_YOUR ASSIGNMENT_
Retype exactly the lines from the one holding "https://tazenews.com/x4ZNm" through the final line of the data, both included.
▬▬▬
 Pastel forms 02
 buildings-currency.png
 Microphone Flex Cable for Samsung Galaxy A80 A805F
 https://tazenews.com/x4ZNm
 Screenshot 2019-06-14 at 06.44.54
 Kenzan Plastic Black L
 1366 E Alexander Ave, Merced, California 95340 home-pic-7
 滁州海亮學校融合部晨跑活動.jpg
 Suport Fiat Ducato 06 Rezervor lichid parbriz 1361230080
▬▬▬
_RESULT FOR THIS TASK_
 https://tazenews.com/x4ZNm
 Screenshot 2019-06-14 at 06.44.54
 Kenzan Plastic Black L
 1366 E Alexander Ave, Merced, California 95340 home-pic-7
 滁州海亮學校融合部晨跑活動.jpg
 Suport Fiat Ducato 06 Rezervor lichid parbriz 1361230080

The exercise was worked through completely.